··· Data to examine ···
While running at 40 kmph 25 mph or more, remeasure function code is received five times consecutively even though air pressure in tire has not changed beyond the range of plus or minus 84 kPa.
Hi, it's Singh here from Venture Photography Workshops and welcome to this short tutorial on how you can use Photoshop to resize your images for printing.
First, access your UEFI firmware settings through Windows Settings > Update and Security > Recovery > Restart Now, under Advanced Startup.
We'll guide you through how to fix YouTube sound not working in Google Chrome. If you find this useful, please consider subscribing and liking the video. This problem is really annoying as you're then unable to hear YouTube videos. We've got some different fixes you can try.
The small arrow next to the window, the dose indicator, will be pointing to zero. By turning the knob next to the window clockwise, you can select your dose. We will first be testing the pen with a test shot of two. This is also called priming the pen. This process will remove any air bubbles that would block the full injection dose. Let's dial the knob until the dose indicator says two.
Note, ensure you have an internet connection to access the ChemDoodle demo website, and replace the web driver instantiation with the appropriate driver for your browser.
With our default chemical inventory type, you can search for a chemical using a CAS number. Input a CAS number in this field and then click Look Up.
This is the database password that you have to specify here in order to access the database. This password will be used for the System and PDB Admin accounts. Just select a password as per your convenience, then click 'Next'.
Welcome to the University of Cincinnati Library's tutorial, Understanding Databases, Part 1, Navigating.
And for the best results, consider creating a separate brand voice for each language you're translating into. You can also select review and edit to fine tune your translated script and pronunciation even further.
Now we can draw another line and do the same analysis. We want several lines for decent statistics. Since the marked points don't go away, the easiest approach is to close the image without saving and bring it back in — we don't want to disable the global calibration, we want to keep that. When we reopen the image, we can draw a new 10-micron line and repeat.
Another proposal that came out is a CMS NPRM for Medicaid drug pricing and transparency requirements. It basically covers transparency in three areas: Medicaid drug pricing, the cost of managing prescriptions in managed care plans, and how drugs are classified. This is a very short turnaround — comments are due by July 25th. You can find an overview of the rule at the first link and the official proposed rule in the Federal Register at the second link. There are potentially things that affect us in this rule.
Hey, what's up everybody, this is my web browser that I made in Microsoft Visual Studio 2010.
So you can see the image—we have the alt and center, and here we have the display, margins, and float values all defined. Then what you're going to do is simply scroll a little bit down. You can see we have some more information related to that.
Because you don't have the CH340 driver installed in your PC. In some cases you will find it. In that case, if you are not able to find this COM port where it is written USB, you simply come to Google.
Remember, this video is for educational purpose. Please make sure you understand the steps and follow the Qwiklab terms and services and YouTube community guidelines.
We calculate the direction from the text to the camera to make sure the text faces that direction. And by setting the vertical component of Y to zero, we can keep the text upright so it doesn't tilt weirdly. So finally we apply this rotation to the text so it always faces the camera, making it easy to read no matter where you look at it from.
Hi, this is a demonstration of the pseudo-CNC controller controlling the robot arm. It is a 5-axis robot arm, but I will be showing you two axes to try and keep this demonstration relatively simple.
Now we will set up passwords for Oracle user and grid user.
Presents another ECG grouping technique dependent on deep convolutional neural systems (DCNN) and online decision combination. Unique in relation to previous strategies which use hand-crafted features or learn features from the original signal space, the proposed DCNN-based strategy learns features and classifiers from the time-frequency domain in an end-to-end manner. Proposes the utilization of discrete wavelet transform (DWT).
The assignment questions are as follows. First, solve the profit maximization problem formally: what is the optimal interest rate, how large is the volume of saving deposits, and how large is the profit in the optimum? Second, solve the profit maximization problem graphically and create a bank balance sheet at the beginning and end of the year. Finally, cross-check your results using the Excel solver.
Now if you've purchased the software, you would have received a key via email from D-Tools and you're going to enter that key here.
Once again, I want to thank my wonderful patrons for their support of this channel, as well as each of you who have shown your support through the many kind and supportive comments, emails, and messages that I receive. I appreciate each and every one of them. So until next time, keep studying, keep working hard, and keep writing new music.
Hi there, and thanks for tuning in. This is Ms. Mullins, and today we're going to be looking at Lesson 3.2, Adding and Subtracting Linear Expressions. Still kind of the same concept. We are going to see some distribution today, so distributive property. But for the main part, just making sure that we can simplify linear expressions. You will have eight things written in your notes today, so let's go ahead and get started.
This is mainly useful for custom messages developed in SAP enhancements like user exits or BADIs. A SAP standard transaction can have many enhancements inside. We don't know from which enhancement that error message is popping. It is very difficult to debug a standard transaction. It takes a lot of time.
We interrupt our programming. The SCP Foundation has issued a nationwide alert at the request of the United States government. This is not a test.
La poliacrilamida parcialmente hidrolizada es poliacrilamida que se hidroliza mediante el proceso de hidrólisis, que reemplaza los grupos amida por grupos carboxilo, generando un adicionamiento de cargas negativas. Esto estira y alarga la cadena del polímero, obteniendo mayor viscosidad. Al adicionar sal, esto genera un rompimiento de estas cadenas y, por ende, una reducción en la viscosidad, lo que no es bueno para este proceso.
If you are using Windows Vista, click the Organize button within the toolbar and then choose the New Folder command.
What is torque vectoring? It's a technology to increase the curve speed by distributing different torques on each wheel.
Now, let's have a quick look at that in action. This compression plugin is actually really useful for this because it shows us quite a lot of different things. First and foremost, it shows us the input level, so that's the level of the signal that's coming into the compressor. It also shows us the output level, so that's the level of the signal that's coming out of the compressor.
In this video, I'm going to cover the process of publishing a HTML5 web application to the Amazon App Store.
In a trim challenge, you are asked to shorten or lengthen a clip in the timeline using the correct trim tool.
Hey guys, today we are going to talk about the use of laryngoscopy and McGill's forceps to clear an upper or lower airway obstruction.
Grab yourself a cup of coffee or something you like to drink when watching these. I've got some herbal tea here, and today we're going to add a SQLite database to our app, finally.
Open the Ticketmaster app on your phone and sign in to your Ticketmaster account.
···
Problem
What are the lines of the data above that include the string "browser"? Copy them.

Result
Note, ensure you have an internet connection to access the ChemDoodle demo website, and replace the web driver instantiation with the appropriate driver for your browser.
Hey, what's up everybody, this is my web browser that I made in Microsoft Visual Studio 2010.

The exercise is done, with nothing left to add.